The Biden Administration has big plans for decarbonizing the U.S. electric grid. Developers stand ready to deploy the massive amounts of solar needed to help reach the goal of 100% carbon-free electricity by 2035, but one major issue is blocking their way — the archaic electrical grid isn’t equipped for a huge influx of distributed resources.
“Quarter after quarter, our industry continues to break records with respect to diversifying our fuel supply and allowing our country to be energy-independent through renewables, but, unfortunately, the regulatory process and framework has not caught up,” said Gizelle Wray, senior director of regulatory affairs and counsel at SEIA.
The electrical grid has historically been planned to accommodate large, centrally located fossil fuel plants. That energy is then delivered across transmission lines and stepped down in voltage at substations, then fed through distribution lines that deliver power into homes. Unlike traditional power plants, solar projects are smaller and more numerous and, when paired with storage, capable of both exporting and intaking power as needed. The bidirectional, distributed nature of solar power requires a fundamental shift in the grid’s design.
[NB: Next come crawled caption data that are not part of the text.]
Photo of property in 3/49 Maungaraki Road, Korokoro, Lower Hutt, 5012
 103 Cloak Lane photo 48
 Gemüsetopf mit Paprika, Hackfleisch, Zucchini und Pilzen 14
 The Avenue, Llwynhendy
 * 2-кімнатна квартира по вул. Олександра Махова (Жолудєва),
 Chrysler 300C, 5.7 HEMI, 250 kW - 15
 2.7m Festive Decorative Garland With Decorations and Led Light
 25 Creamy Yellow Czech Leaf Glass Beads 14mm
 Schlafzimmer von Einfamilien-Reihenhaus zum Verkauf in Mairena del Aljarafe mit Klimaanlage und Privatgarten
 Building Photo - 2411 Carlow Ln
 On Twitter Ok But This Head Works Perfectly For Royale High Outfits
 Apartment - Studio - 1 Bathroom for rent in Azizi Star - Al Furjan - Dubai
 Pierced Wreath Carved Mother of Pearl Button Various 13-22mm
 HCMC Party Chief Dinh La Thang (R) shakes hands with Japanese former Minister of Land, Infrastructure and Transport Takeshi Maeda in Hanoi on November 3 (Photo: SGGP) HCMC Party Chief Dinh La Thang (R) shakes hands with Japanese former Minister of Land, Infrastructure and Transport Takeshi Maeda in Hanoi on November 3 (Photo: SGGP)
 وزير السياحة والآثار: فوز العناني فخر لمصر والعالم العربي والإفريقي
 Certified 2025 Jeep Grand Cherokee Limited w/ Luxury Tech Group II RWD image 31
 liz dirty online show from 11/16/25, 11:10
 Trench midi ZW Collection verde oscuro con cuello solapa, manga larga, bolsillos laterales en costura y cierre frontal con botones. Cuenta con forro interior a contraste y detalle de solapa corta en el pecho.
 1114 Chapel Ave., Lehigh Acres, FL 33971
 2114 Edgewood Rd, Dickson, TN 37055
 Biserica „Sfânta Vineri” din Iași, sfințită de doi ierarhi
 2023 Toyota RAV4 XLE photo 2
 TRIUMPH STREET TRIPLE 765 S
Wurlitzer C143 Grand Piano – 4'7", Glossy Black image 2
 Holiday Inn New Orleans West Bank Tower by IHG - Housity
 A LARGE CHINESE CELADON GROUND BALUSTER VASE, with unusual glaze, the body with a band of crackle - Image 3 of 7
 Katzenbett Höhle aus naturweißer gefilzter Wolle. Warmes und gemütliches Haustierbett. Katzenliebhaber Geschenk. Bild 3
“A lot of people don’t realize how complicated it is, the electrical engineering that goes into the grid and the considerations that they have to take into account in order to tie these things all in,” said Ken Bean, project development consultant at Inovateus Solar. “Frankly, people that think we’re going to be 100% solar in 20 years are dreaming.”
A ‘saturated’ grid
Renewables including solar, wind and other sources provided 81.07% of new domestic electrical generating capacity in 2021, according to the Sun Day Campaign. That came out to about 2,400 MW of new generating capacity each month of the year. But behind the scenes are exorbitant costs solar developers must incur to connect their projects to the grid.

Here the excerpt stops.